3121号室の狼〜孤高な冷徹御曹司の愛に溺れるまで〜
「楓様、シャンパンをお待ちしましたが、もうお休みになられますか?」

とりあえず、業務的な言葉しか掛けられない現状に歯痒さを感じながら、せめて自分の中での最大限の優しい声で呆然とする楓様にお伺いを立てる。

「いや。少し目を閉じていただけだ。そのままにしとけ」

すると、程なくしていつもの冷めた態度に戻ると、楓様はソファーに座り直し、ローテーブルにあるシャンパンに手を伸ばす。

「お注ぎいたします」

しかし、そこはバトラーである私の役目なので、楓様より先にすかさずシャンパンを手に取り、栓を開けてゆっくりとグラスに注いだ。

「楓様はこちらの銘柄がお好きなんですね」

とりあえず、この重たい空気を何とかしようと、私はせっかくなので世間話程度に、口元を緩ませながら気になっていた話題に触れてみる。

「……別に。好きだから飲んでいるわけじゃない」

けど、場が和むような答えが返ってくるのかと思いきや、まさかの思いもよらない返答に、私はつい顔を上げてしまう。

危うく一定量を超えそうになり、なんとか直前でボトルの口を上げたので、溢すことを防げたことに胸を撫で下ろすと、楓様にグラスを差し出した。

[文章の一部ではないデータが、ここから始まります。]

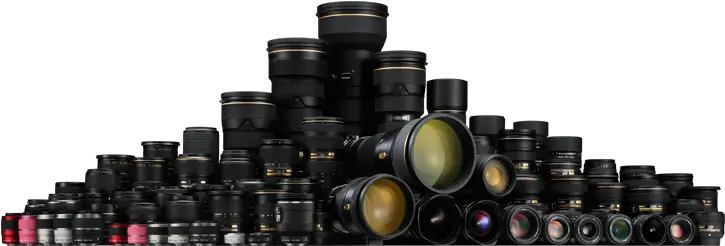  Lens Nikon Lenses Png Camera Lense Png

「お好きでないのに、よくお飲みになられるなんて……何か思い入れでもおありなのですか?」

果たして私なんかがここまで踏み込んでいいものなのか内心不安に思い、顔色を伺いながら恐る恐る尋ねてみる。

「……まあ、そんなとこだ」

とりあえず、突っぱねられるような事はなかったけど、それ以上多くを語るつもりはないようで、楓様はそのまま黙ってグラスを口に運んだ。


この短い間で出来てしまった二つの疑問。

理解しようと試みたのに、全く逆の結果となってしまい、私は密かに肩を落とす。